▶ _Dataset extract_:
-=-=-

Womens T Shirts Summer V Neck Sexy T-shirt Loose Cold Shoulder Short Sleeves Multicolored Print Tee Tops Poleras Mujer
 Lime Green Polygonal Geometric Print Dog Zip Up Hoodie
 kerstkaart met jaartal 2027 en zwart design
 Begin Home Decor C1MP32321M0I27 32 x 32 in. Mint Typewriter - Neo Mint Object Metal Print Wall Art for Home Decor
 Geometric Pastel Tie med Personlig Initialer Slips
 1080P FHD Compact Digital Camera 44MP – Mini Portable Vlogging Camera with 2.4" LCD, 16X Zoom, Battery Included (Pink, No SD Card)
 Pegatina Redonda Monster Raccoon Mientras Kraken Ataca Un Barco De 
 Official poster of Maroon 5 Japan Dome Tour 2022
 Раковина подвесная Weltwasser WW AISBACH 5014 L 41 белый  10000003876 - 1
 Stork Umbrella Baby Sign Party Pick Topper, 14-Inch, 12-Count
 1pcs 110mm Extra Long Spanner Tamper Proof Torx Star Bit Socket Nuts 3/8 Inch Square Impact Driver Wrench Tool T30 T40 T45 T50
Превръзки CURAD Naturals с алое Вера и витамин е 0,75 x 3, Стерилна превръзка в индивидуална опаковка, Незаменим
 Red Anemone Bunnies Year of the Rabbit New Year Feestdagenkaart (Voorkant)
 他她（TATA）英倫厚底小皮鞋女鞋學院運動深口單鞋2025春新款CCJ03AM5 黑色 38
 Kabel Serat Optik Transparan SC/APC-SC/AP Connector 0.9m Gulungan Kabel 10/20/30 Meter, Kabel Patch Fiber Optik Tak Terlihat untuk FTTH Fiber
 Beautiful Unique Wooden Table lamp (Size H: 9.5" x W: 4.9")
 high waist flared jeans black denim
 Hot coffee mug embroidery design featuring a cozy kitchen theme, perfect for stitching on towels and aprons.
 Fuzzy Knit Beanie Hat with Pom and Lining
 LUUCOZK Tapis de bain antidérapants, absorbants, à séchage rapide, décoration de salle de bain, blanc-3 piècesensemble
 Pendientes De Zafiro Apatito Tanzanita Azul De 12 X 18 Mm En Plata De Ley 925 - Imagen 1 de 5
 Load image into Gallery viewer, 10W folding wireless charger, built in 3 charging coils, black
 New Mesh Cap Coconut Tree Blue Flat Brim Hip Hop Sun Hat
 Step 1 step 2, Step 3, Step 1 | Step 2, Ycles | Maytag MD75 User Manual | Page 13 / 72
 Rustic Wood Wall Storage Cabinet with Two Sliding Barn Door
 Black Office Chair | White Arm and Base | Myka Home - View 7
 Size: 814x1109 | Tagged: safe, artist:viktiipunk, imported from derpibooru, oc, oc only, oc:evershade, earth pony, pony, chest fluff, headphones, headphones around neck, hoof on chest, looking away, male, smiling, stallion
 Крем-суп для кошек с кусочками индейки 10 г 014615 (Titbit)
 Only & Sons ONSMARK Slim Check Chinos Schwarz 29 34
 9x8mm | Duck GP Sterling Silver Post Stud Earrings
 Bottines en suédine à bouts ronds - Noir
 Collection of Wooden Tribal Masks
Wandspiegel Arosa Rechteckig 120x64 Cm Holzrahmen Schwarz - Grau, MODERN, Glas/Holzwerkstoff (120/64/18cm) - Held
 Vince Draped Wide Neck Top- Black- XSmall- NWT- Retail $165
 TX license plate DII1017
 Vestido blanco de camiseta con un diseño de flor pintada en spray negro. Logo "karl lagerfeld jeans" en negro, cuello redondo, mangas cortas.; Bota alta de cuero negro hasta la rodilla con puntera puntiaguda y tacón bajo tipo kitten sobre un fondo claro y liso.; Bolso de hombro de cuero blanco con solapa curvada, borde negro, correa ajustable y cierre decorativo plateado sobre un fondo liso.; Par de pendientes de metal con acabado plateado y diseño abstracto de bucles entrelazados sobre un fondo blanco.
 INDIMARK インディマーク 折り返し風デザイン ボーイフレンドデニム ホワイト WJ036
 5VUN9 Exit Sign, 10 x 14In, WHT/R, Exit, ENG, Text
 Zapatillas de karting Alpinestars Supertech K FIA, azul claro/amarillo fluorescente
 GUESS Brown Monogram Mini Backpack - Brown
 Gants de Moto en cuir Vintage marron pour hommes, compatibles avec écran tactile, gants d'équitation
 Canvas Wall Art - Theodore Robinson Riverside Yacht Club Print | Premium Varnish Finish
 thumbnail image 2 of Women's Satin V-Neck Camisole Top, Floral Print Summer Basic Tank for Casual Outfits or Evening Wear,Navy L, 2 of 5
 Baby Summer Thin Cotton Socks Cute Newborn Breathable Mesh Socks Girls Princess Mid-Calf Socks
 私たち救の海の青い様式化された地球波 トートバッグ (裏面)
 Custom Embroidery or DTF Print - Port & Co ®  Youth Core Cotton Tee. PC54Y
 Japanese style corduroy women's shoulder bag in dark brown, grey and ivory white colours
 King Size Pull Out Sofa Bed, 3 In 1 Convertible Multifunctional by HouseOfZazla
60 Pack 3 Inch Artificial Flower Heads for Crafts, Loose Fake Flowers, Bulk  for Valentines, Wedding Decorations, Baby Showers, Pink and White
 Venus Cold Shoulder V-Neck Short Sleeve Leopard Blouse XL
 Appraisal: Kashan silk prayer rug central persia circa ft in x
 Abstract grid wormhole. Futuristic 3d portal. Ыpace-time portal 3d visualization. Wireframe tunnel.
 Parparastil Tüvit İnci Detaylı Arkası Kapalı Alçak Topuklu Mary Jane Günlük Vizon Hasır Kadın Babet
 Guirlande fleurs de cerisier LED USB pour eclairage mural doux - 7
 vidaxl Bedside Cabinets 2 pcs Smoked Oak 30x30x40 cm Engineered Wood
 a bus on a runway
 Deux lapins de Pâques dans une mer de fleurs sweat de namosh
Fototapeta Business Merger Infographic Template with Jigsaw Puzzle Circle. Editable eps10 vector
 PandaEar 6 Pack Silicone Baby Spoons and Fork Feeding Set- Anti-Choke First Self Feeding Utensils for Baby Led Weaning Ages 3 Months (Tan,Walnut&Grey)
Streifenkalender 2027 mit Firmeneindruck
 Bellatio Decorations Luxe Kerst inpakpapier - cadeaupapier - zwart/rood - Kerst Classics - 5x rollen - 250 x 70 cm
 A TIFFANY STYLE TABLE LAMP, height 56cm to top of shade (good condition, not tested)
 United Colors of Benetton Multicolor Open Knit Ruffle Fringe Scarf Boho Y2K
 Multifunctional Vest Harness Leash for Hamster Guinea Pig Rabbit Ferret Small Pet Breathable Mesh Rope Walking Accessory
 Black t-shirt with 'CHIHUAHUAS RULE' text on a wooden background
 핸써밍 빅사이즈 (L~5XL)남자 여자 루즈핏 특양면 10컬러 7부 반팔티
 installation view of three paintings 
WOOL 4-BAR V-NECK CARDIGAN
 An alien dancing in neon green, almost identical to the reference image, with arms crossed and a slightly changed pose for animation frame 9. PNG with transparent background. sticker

-=-=-

▶ _Task details_:
Check each line of the records above, and copy those that hold the word "Baby".

▶ _Answer to the problem_:
 Stork Umbrella Baby Sign Party Pick Topper, 14-Inch, 12-Count
 Baby Summer Thin Cotton Socks Cute Newborn Breathable Mesh Socks Girls Princess Mid-Calf Socks
60 Pack 3 Inch Artificial Flower Heads for Crafts, Loose Fake Flowers, Bulk  for Valentines, Wedding Decorations, Baby Showers, Pink and White
 PandaEar 6 Pack Silicone Baby Spoons and Fork Feeding Set- Anti-Choke First Self Feeding Utensils for Baby Led Weaning Ages 3 Months (Tan,Walnut&Grey)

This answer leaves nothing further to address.